Before a national TV audience, Rita Moreno tells Geraldo Rivera that her dream as an actress is to play a character rather like herself: "I speak English perfectly well . . . I'm not dying from poverty . . . I want to play that kind of Hispanic woman, which is to say, an American citizen." This is an actress talking; these are show-biz pieties. But Moreno expresses as well a general Hispanic-American predicament. Hispanics want to belong to America without betraying the past. Yet we fear losing ground in any negotiation with America. Our fear, most of all, is of losing our culture.
We come from an expansive, an intimate, culture that has long been judged second-rate by the U.S. Out of pride as much as affection, we are reluctant to give up our past. Our notoriety in the U.S. has been our resistance to assimilation. The guarded symbol of Hispanic-American culture has been the tongue of flame: Spanish.
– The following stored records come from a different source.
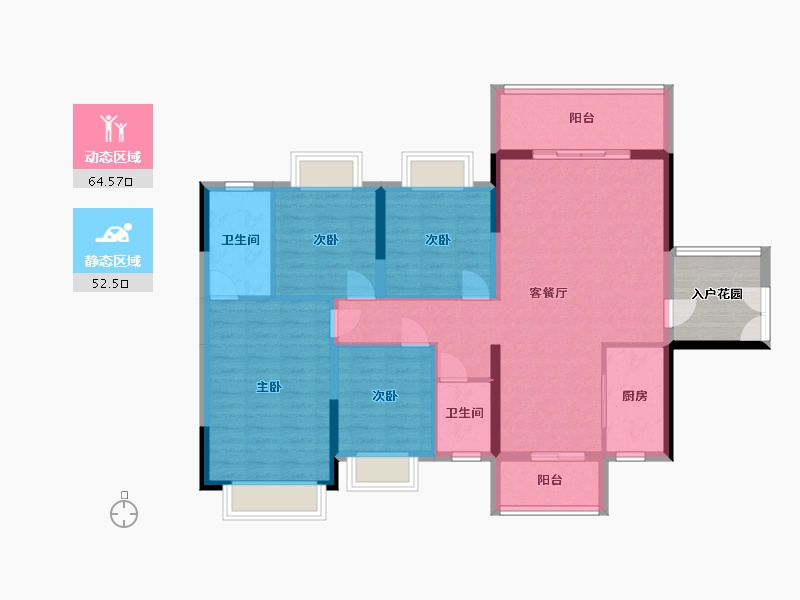 广西壮族自治区-来宾市-金色时代-125.80-户型库-动静分区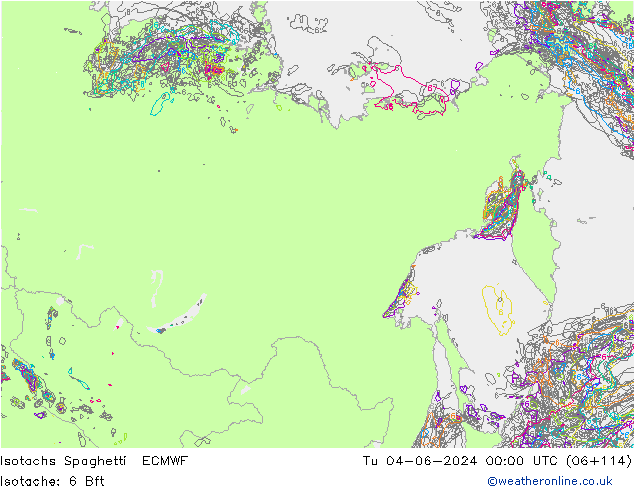 Eşrüzgar Hızları Spaghetti ECMWF Sa 04.06.2024 00 UTC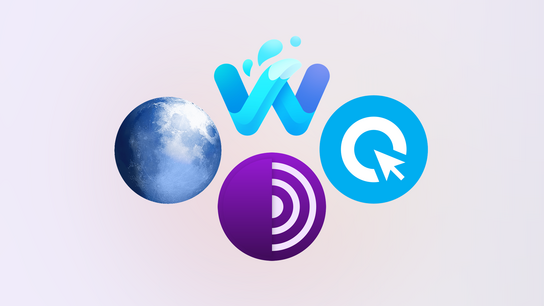A collage of four icons for Waterfox, Pale Moon, Cliqz, and Tor Browser.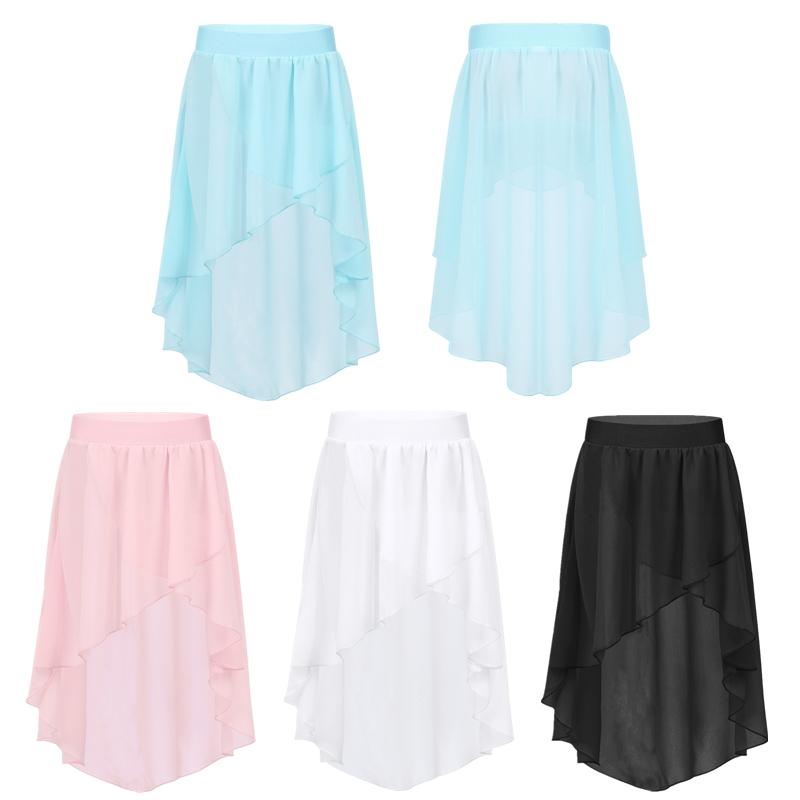 Aislor Kinderen meisjes ballet tutu jurk lyrische latin dans hoog-laag chiffon rok gymnastiek basisdanskostuum 5-6 Years zwart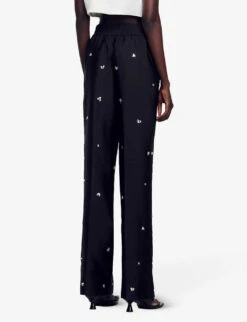 Sandro Rhinestone-embellished Wide-leg Silk-blend Trousers 10 Sandro Rhinestone-embellished Wide-leg Silk-blend Trousers -Whistlkes Style R04197503 NOIRGRIS ALT03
But the remarkable legacy Hispanics carry from Latin America is not language -- an inflatable skin -- but breath itself, capacity of soul, an inclination to live. The genius of Latin America is the habit of | synthesis. We assimilate.
What Latin America knows is that people create one another when they meet. In the music of Latin America you will hear the litany of bloodlines: the African drum, the German accordion, the cry from the minaret. The U.S. stands as the opposing New World experiment. In North America the Indian and the European stood separate. Whereas Latin America was formed by a Catholic dream of one world, of meltdown conversion, the U.S. was shaped by Protestant individualism. America has believed its national strength derives from separateness, from diversity. The glamour of the U.S. is the Easter promise: you can be born again in your lifetime. You can separate yourself from your past. You can get a divorce, lose weight, touch up your roots.